Saving Face of Water: How Hydraulic Fracturing is Saving the Environment
Natural gas production is an all-time high. Over the past decade, the dramatic growth of shale gas, made possible by hydraulic fracturing or fracking, has led to generation of huge volumes of wastewater known as brine or produced water.
Hydraulic fracturing or fracking is a process of pumping shallow, hard oiled, chemicalized wastewater, at extreme underground level, at a very high pressure to crack open pores within a shale rock formation to extract the oil and natural gas. Fracking consumes an enormous amount of water. The water used for fracking is a mixture of water, sand, and chemicals. The sand stays put in the cracks, which creates pathway for oil and gas to travel.
Fracking Water Treatment System
The process comprises multiple steps and several different chemicals. The chemicals change depends on the company doing the fracking and the characteristics of the formation.
When the pressure is released from fracking, some of the fluid that is pumped flow back to the surface. Natural occurring water (produced water) also flow in addition to this flow-back water. A short while later natural gas and oil flow. With time, the amount of pumped water flowing back decreases and the produced water flow increases. Typically, a frack uses 3-5 million gallons of water, out of which, about one-third of the water pumped will return to the surface.
There is no way to predict the water quality with all the variables and it changes rather quickly for the first two weeks of flow. Post two weeks, the water flow is majorly produced water, which is regulated different to that of frack water.
In terms of environment, the major concerns associated with fracking are water and soil contamination which can result from the processes and handling of the fluid as well as the large quantities of induced water necessary to undertake fracking. Huge volumes of water are taken from surface or ground that are mixed with sand and chemical additives including biocides, borate salts, potassium chloride, surfactants, etc.

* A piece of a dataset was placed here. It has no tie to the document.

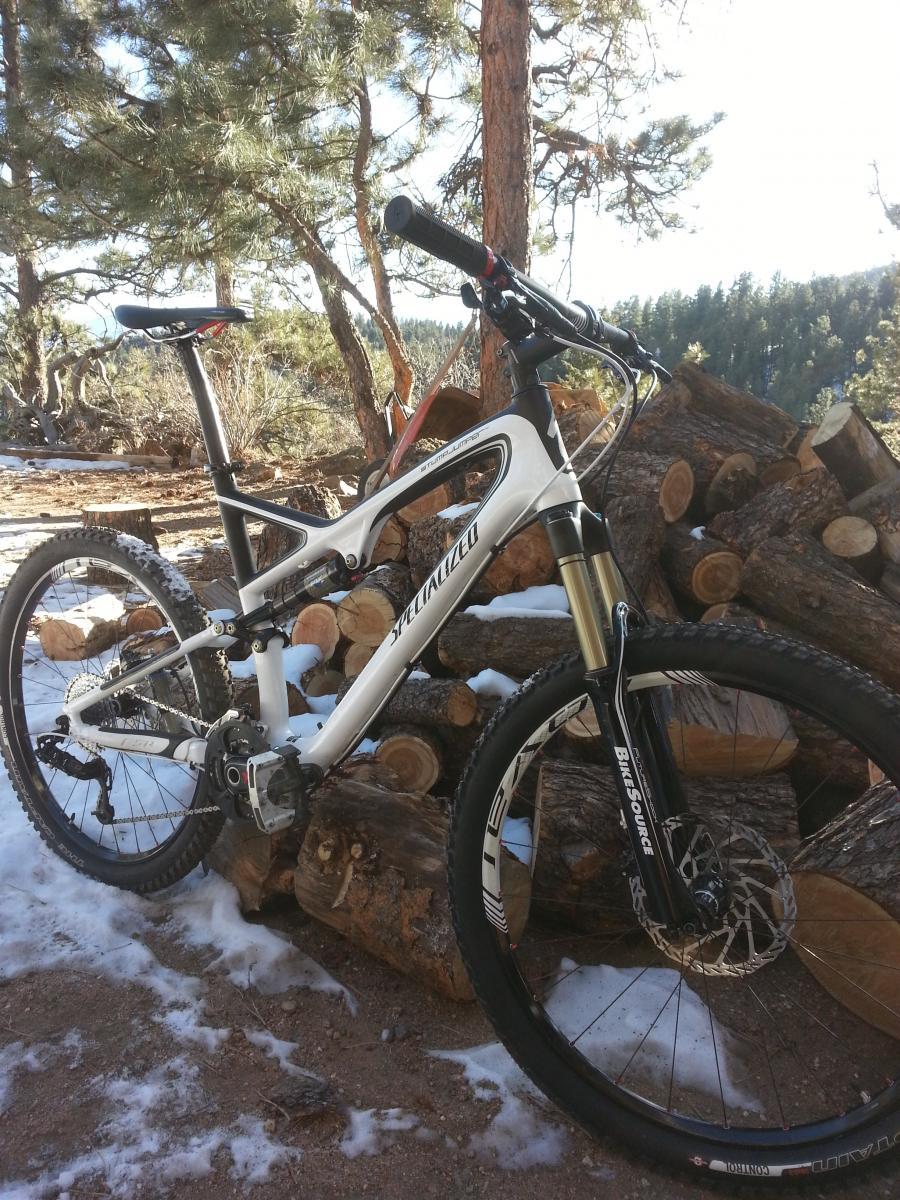 Specialized Stumpjumper FSR Pro Carbon: A white mountain bike is leaning against a pile of logs in a snowy outdoor setting, surrounded by tall trees and a clear blue sky.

Hundreds of thousands of gallons of water are pumped and withdrawn at each site, and great volume of flow-back and produced water are generated. Flow-back water is that which return to the surface after the pressure is released. It consists of hydrolytic fracturing fluids, water from the natural formation, chemical additives that were injected and the recovered hydrocarbons from the deep formations.
Methods of Disposal
For successful fracking water treatment, the wastewater must be disposed. The methods of disposal vary at each nation or state depending on their regulations. In many countries, there are regulated wells, usually old drained gas or wells, where the frack water is pumped into. Usually, the only water treatment necessary is filtration, which can be as simple as sock filters or as extensive as clarifiers, depending on the load of solids present in the water.
Another method of disposal is reuse. The frack water can be blended with fresh water and used at another site. This is generally simple, unless makeup water is required. The requirements for each fracking company is different, but usually they want the following variables: low TSS, hardness, metals (particularly barium, strontium, and iron), TDS, and bacteria count.
Where there are a lot of new wells being drilled, the drilling companies dilute 20:1 with fresh water without worrying about chemistry. I ffresh water is not available, the water will have to be treated to meet the company’s specifications. The treatment process, however, varies, but generally include the basic methods like filtration, chemical precipitation, and softening.
When there is no chance for dilution, the first few days of wastewater flow can be treated and reused. However, if the total dissolved solids in the wastewater exceed 10,000 ppm, it can no longer be reused. The only options that are then possible shall be deep well pumping or zero liquid discharge by the usage of evaporators and crystallizers.
Hydraulic fracturing technology is a breakthrough work to prevent contamination of groundwater that might potentially put humans and animals at serious health risks, as well as billions of money on solving the problem. It is now heavily regulated among nations and will ensure proper environmental regulations. Hydraulic fracking technology has the potential to make huge amount of natural gas available that otherwise would remain trapped below the earth. The increasing use of hydraulic fracking by these industries is driving the growth of the fracking water treatment market, which is estimated to grow a rate of nearly 3% through 2030.